If a line in the data contains "Building", copy it out.

Stored items
####################

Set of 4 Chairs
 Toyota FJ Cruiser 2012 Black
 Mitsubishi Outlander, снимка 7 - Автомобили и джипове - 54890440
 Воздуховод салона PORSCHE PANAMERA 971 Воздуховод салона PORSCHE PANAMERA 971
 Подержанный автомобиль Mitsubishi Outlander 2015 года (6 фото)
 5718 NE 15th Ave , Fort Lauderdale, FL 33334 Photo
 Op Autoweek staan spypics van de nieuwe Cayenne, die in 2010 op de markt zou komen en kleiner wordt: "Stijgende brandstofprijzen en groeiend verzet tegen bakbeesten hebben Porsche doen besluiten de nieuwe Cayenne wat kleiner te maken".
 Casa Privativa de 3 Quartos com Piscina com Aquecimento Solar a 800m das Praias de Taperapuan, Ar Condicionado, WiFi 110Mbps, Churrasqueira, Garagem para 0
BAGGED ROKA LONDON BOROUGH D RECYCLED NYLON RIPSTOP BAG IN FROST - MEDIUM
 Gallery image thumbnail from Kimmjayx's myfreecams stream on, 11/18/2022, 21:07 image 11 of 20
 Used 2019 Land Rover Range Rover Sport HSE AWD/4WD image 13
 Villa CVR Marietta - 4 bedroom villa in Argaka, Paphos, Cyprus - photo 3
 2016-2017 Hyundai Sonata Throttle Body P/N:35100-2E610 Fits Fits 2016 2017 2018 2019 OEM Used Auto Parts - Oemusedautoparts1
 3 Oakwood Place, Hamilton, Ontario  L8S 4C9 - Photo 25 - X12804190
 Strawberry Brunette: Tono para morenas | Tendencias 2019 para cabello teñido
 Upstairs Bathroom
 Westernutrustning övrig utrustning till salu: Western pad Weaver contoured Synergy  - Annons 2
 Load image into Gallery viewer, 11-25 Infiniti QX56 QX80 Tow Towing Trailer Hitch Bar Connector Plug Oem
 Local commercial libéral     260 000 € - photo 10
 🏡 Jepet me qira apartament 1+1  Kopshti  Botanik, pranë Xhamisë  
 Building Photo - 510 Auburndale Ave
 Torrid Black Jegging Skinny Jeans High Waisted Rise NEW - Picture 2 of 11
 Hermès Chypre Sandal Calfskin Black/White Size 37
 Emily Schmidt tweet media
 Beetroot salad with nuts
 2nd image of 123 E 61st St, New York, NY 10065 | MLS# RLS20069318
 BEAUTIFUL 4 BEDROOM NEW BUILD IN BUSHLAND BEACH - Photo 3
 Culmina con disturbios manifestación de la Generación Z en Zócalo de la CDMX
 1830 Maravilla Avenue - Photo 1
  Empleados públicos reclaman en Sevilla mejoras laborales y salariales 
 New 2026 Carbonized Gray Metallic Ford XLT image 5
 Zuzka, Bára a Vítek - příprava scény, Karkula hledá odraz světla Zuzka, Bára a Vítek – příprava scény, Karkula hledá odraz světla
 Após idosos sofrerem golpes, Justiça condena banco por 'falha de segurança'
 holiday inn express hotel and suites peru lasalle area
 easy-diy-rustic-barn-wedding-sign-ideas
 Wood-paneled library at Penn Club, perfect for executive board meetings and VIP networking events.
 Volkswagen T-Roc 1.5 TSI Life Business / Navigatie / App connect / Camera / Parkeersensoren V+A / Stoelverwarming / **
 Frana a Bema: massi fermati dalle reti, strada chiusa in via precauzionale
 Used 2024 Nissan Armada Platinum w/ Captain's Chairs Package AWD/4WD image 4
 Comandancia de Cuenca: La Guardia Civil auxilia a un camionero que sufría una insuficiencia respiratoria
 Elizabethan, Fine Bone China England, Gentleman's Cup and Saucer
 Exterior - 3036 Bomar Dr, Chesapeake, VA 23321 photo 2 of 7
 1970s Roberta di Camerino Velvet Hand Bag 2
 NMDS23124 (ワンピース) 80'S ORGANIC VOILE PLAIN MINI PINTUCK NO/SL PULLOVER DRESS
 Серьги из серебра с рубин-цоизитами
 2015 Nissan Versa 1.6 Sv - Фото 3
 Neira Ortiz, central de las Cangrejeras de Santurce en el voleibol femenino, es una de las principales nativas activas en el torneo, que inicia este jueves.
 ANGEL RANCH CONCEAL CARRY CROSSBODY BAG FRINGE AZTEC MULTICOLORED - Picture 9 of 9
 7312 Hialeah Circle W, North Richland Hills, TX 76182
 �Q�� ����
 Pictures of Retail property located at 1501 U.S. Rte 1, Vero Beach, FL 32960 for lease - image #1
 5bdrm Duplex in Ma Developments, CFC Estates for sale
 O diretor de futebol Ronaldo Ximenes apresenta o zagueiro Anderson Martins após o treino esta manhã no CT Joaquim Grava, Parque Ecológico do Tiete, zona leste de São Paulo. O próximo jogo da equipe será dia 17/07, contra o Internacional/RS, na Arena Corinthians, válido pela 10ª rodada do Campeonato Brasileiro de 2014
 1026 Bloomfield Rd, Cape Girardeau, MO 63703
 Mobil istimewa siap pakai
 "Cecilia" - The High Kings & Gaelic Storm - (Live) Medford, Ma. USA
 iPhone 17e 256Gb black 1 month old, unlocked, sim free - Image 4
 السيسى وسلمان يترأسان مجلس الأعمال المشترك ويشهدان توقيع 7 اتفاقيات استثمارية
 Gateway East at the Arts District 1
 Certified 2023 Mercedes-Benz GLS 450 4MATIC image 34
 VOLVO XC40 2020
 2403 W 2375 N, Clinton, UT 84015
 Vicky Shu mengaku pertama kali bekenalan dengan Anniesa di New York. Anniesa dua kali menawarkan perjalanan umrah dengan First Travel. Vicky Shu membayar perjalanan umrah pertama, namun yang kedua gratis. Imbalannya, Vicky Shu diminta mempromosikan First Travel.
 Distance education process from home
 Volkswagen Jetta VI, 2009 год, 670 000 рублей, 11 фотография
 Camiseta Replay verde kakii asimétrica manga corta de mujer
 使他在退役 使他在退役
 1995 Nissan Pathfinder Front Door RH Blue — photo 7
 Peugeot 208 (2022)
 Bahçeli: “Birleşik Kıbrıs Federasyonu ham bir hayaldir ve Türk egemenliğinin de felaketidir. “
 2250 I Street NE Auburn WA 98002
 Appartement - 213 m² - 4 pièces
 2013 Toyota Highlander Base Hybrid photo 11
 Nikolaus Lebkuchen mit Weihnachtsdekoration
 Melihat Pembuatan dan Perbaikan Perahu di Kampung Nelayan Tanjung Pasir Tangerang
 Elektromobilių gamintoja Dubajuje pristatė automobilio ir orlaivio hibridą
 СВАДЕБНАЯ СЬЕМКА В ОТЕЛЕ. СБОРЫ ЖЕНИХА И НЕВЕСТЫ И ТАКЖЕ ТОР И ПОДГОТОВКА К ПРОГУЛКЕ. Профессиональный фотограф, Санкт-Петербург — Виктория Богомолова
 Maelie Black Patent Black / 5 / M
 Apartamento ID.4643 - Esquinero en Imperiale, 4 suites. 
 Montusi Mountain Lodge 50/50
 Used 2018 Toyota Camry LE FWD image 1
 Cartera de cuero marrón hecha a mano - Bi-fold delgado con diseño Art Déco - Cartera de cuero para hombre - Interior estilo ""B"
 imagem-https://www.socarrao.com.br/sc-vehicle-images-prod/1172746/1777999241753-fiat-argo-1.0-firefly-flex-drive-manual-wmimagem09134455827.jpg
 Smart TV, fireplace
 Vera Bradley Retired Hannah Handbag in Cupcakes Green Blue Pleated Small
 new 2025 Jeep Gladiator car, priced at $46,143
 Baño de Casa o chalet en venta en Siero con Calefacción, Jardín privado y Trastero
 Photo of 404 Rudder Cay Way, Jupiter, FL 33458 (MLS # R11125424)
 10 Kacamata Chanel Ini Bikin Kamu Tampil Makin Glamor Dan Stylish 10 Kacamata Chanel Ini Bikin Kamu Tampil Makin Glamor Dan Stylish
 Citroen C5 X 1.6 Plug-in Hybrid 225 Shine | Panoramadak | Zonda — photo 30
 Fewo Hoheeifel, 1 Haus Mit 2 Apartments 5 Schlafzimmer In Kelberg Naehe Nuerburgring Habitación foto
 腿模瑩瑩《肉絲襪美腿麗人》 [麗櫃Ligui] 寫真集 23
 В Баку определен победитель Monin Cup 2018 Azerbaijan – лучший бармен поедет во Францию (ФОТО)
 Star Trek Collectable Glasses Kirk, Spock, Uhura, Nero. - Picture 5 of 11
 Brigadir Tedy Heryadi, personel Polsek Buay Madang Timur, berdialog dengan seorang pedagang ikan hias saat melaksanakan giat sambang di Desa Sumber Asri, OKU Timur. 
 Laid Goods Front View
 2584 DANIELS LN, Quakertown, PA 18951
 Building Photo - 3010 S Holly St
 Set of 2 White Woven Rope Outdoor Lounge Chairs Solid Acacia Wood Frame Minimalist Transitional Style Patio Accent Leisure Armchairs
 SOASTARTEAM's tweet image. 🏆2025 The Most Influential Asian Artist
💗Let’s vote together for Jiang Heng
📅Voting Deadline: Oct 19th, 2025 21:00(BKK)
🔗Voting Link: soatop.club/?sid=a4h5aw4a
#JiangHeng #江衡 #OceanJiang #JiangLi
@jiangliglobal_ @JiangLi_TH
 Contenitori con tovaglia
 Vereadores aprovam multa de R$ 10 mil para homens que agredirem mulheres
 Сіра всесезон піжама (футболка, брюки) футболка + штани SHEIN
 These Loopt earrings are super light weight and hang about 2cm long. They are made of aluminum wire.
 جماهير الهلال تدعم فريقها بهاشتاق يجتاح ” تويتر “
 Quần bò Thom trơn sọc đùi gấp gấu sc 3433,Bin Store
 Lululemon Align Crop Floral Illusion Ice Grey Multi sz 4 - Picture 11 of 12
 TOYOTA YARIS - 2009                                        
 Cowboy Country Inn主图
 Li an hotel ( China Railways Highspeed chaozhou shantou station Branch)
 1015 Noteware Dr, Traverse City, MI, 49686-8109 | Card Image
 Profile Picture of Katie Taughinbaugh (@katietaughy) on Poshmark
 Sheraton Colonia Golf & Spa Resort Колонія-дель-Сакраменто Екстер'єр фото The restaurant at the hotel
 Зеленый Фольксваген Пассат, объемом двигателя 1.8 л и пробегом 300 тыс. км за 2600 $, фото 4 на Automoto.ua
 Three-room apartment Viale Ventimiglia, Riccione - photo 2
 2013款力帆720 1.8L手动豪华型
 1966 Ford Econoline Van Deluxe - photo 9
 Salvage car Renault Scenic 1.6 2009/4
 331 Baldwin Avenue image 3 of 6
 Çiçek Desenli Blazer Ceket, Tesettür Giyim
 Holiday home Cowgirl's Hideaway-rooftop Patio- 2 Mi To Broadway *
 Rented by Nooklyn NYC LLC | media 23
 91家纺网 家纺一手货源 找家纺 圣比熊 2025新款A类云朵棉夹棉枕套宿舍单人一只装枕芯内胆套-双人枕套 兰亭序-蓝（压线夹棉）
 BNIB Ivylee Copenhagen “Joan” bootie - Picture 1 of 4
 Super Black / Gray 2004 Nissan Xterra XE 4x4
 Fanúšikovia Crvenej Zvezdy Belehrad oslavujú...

####################

◆ The answer ◆
 Building Photo - 510 Auburndale Ave
 Building Photo - 3010 S Holly St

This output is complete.